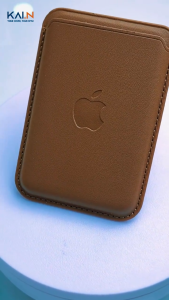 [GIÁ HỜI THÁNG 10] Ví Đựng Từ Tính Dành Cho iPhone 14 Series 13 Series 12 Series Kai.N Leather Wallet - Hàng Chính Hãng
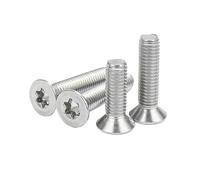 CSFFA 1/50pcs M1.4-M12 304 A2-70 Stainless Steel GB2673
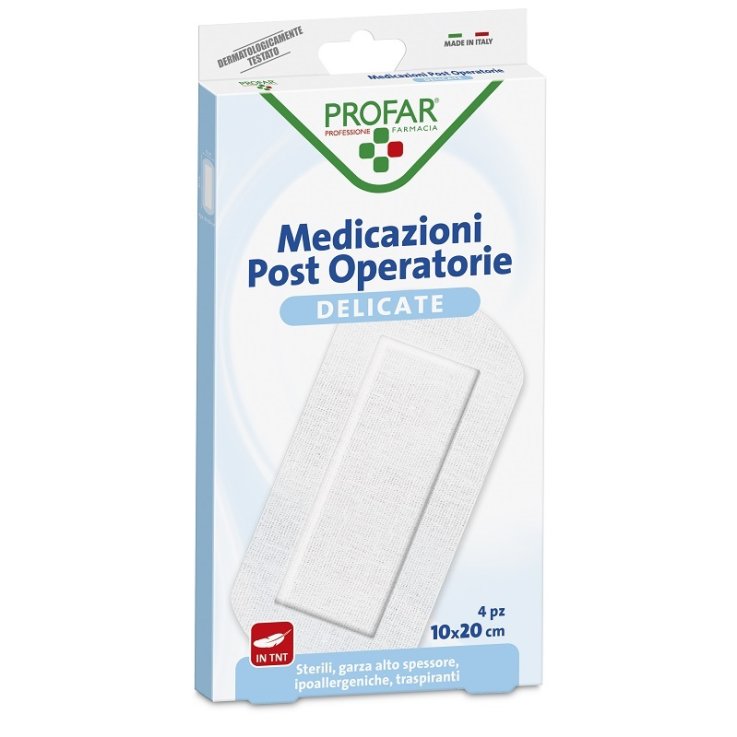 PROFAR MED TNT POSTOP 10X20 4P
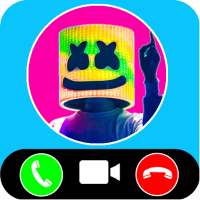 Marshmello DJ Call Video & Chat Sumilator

* _To do_: The expected result is the material restated word for word, minus any picture.

* _Solved exercise_:
 [GIÁ HỜI THÁNG 10] Ví Đựng Từ Tính Dành Cho iPhone 14 Series 13 Series 12 Series Kai.N Leather Wallet - Hàng Chính Hãng
 CSFFA 1/50pcs M1.4-M12 304 A2-70 Stainless Steel GB2673
 PROFAR MED TNT POSTOP 10X20 4P
 Marshmello DJ Call Video & Chat Sumilator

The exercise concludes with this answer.